Action item » Restate word for word the lines below from the one that has "Lea est 2003" through the one that has "Women's Sexy Deep", keeping both and dropping all pictures.

═══ Materials provided

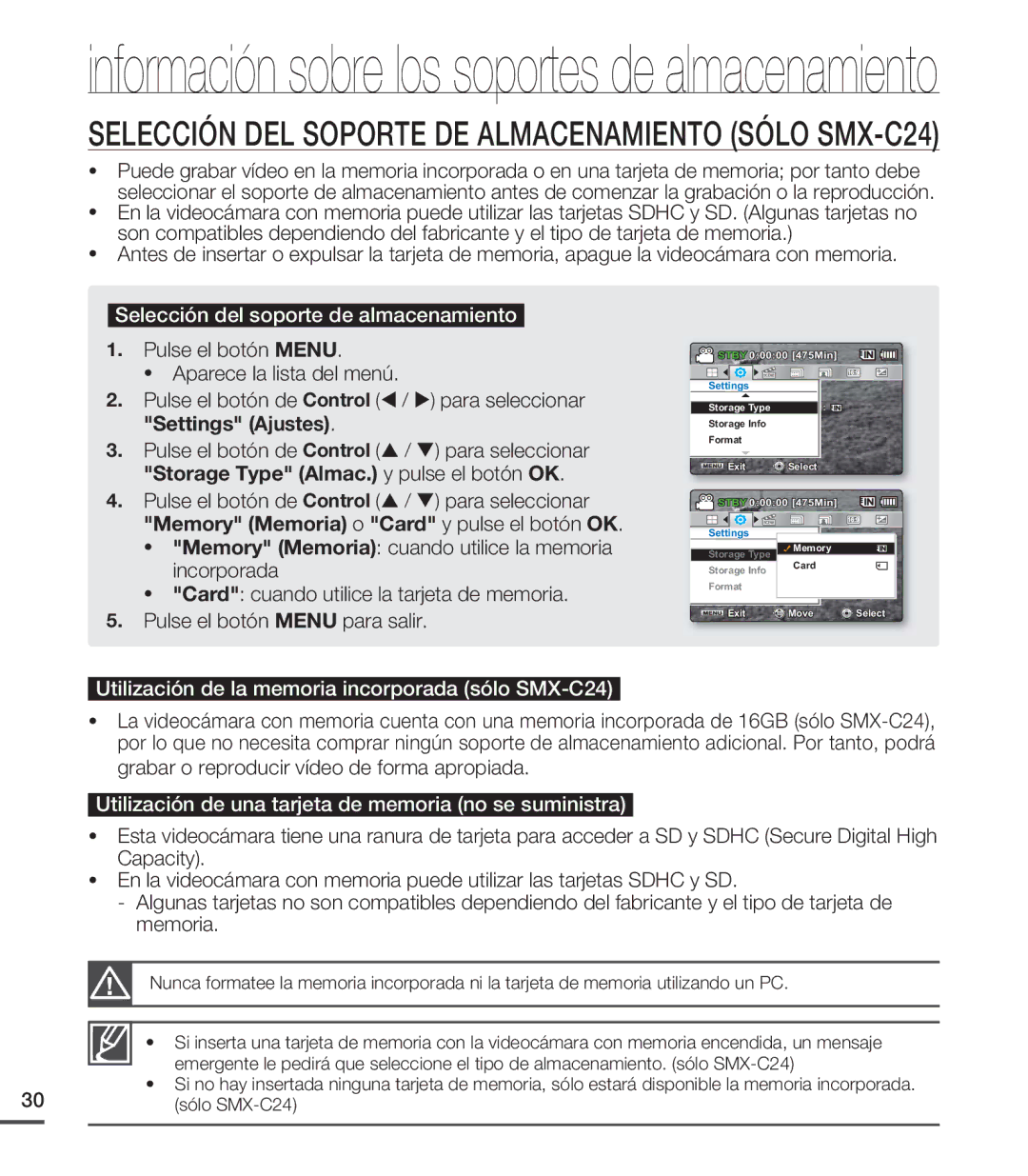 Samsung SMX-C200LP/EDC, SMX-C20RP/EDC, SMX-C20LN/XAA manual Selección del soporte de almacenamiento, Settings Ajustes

══════
═══ Materials provided

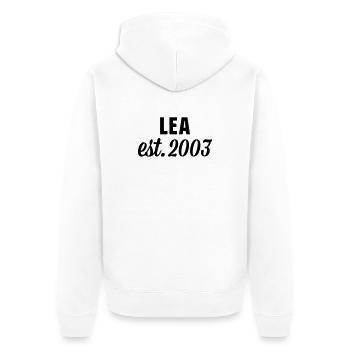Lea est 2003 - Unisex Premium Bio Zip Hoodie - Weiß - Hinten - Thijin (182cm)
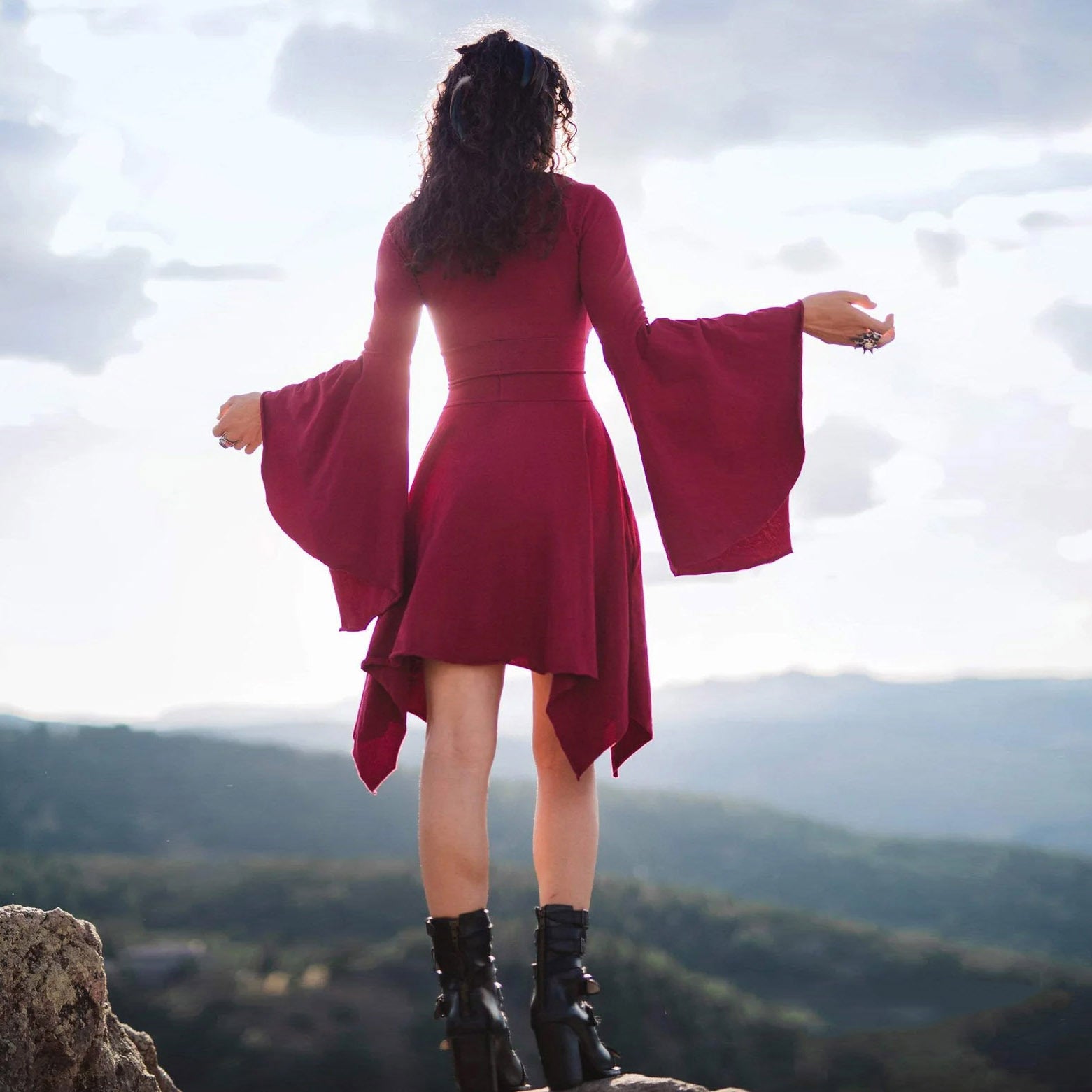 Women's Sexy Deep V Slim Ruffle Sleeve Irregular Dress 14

══════
═══ Materials provided

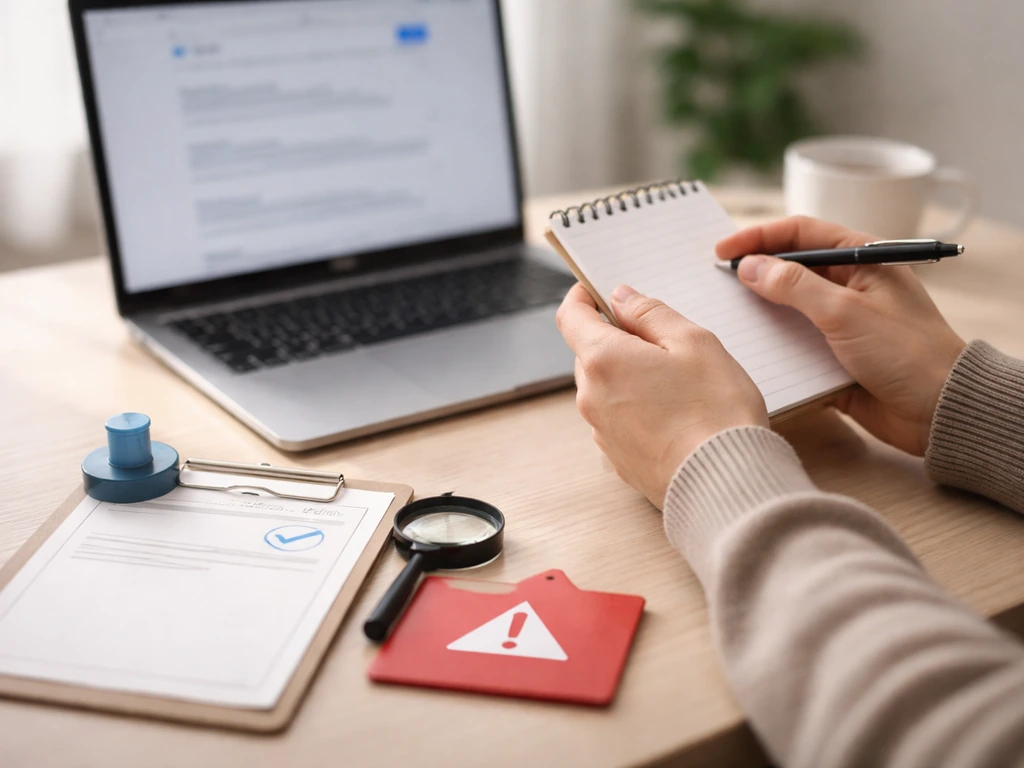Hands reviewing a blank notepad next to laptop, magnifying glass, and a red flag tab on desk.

══════

Solution to this task »
Lea est 2003 - Unisex Premium Bio Zip Hoodie - Weiß - Hinten - Thijin (182cm)
 Women's Sexy Deep V Slim Ruffle Sleeve Irregular Dress 14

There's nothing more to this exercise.